> [WORK REQUEST]: Give again, word for word, the line holding "2 Pcs Nativity" and every line after it through the end of the data below. Omit pictures.

> [THE DATA]:
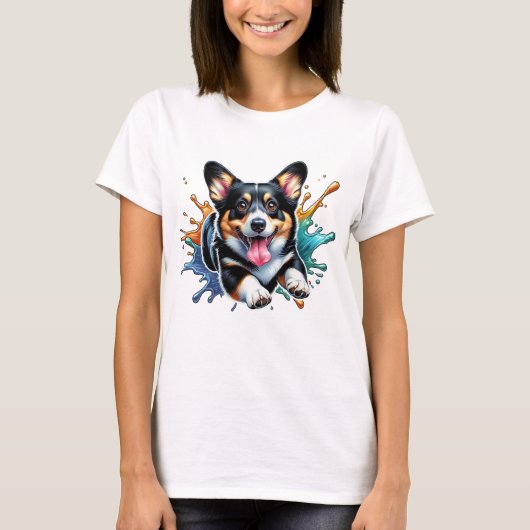 コーギスプラッシュ・オブ・カラー Tシャツ (正面)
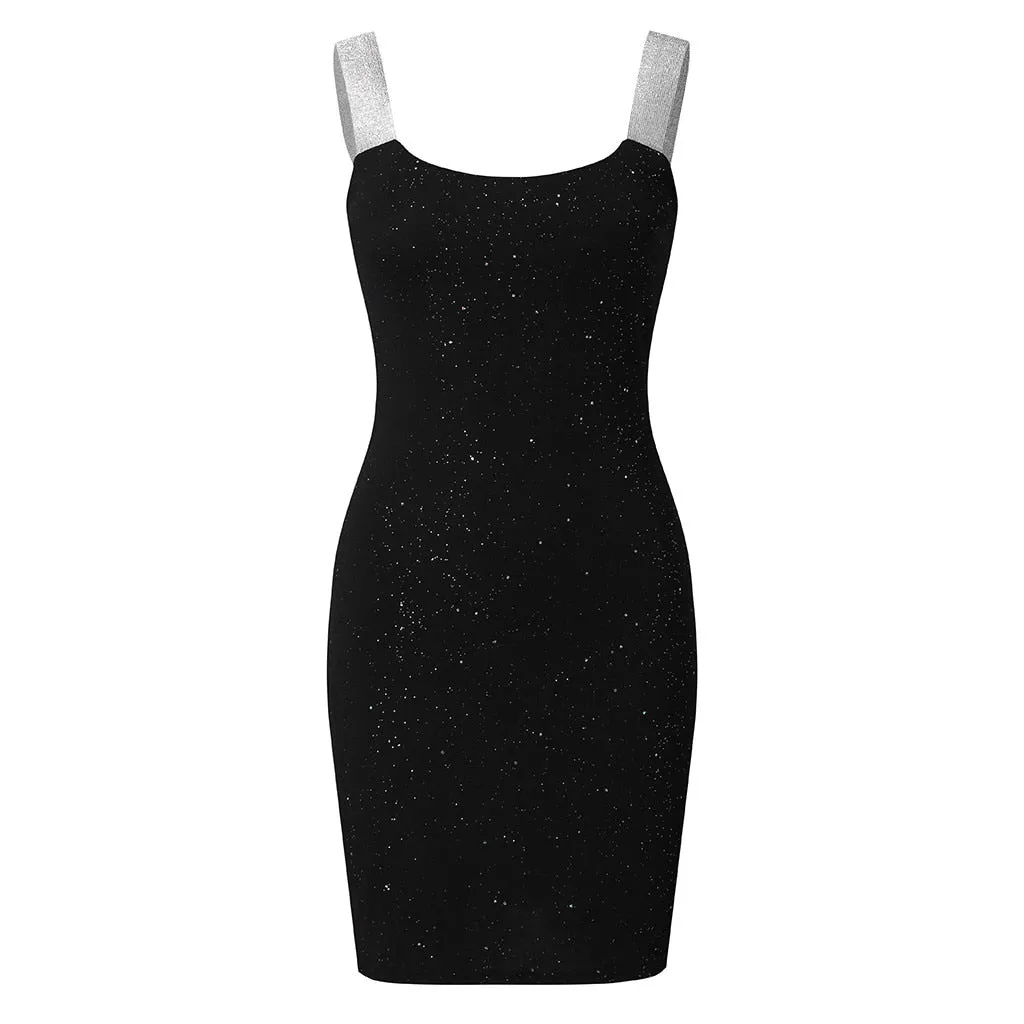 Joskaa Sexy Party Sequin Dress For Women Bodycon Black Dress Sleeveless Strappy Dresses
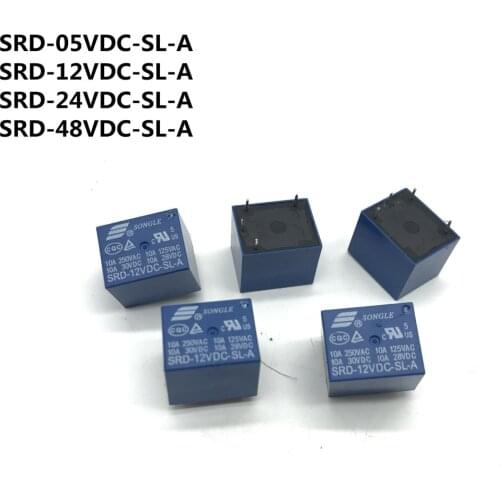 5pcs PCB Type Electromagnetic Coil Power Relay SRD-05VDC-SL-A SRD-12VDC-SL-A SRD-24VDC-SL-A SRD-48VDC-SL-A 10A 250VAC 4PIN T73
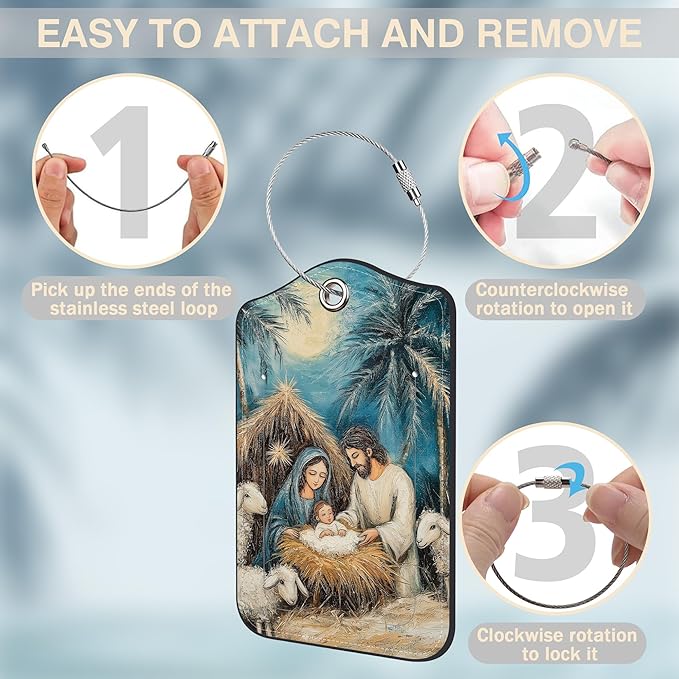 2 Pcs Nativity Scene Luggage Tags for Suitcases PU Leather Baggage Tags Name ID Label with Privacy Cover and Stainless Steel Loop for Men Women Travel Bag Suitcase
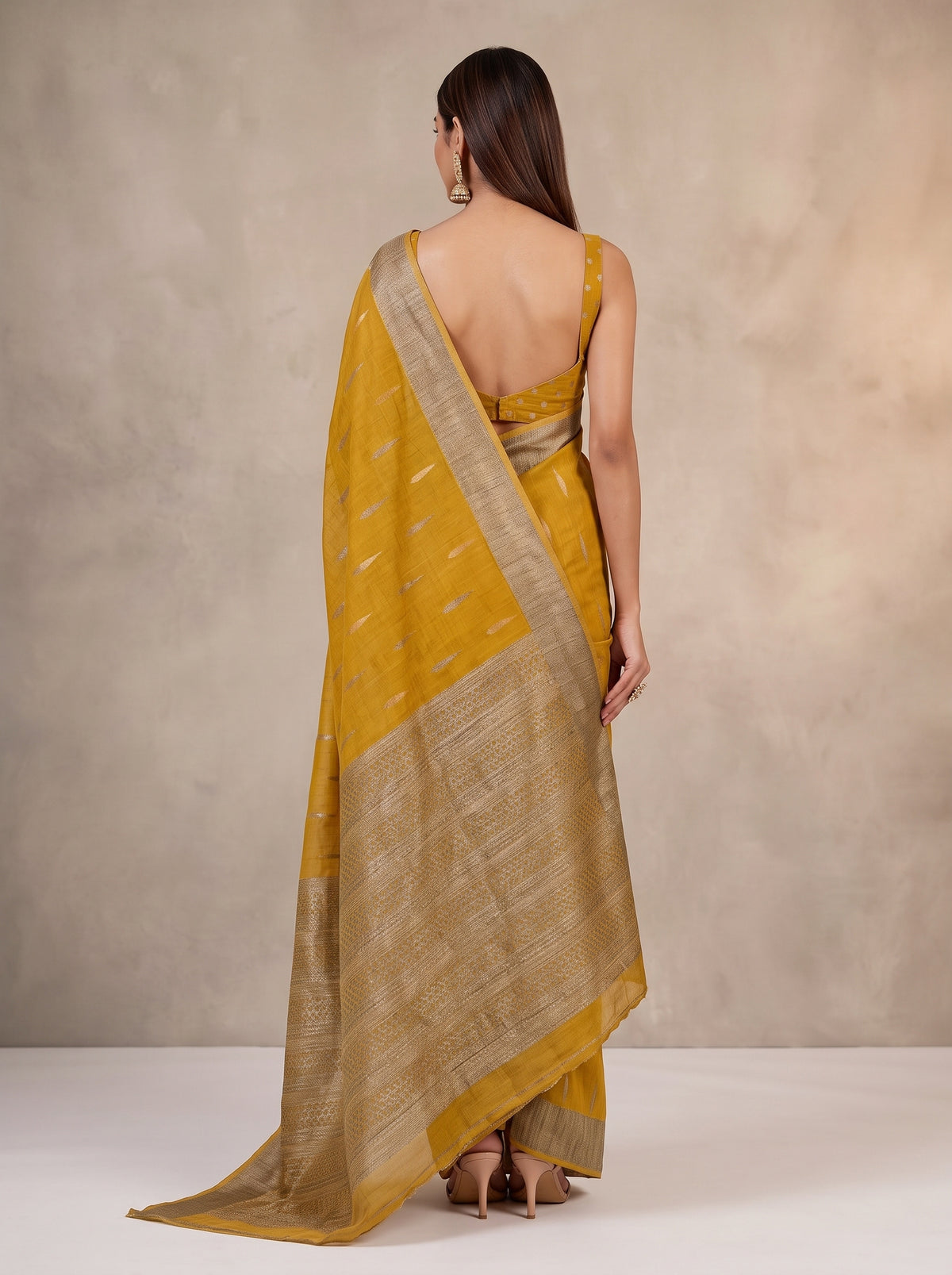 MIMOSA Mustard Banarasi Saree — pose 2 styling detail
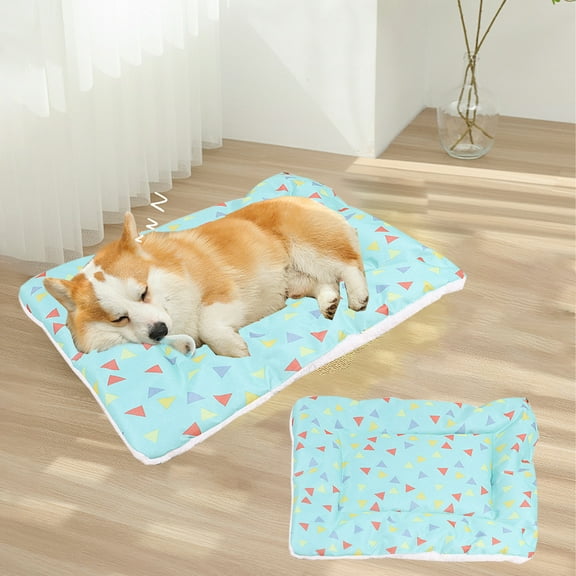 Self-Heating Pet Mat for Dogs & Cats | Double-Sided Plush Sleeping Pad | Machine Washable Kennel & Cage Mat | 21.65x17.71 inch, Yellow or Blue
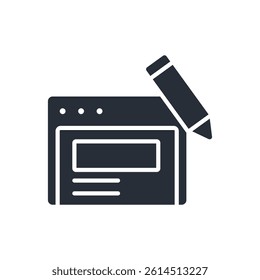 seo writing icon. vector.Editable stroke.linear style sign for use web design,logo.Symbol illustration.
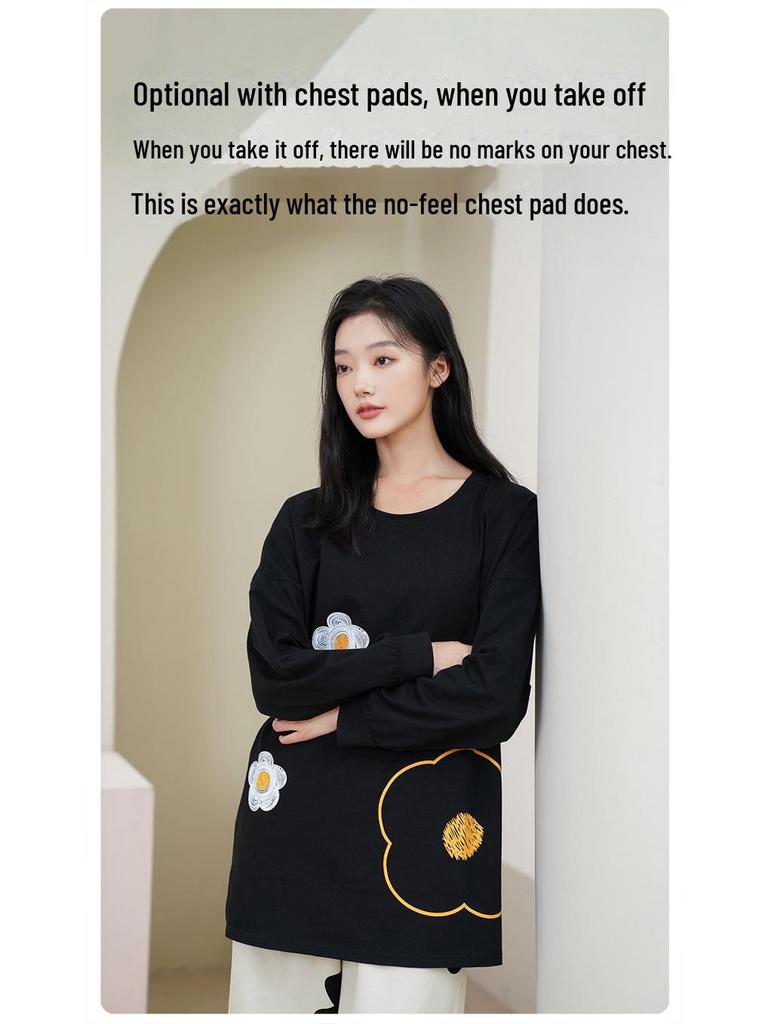 Women's Pure Cotton Long-Sleeve Pajama Set with Chest Pads - Large Size, Spring/Autumn 2025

> [YOUR RESPONSE]:
 2 Pcs Nativity Scene Luggage Tags for Suitcases PU Leather Baggage Tags Name ID Label with Privacy Cover and Stainless Steel Loop for Men Women Travel Bag Suitcase
 MIMOSA Mustard Banarasi Saree — pose 2 styling detail
 Self-Heating Pet Mat for Dogs & Cats | Double-Sided Plush Sleeping Pad | Machine Washable Kennel & Cage Mat | 21.65x17.71 inch, Yellow or Blue
 seo writing icon. vector.Editable stroke.linear style sign for use web design,logo.Symbol illustration.
 Women's Pure Cotton Long-Sleeve Pajama Set with Chest Pads - Large Size, Spring/Autumn 2025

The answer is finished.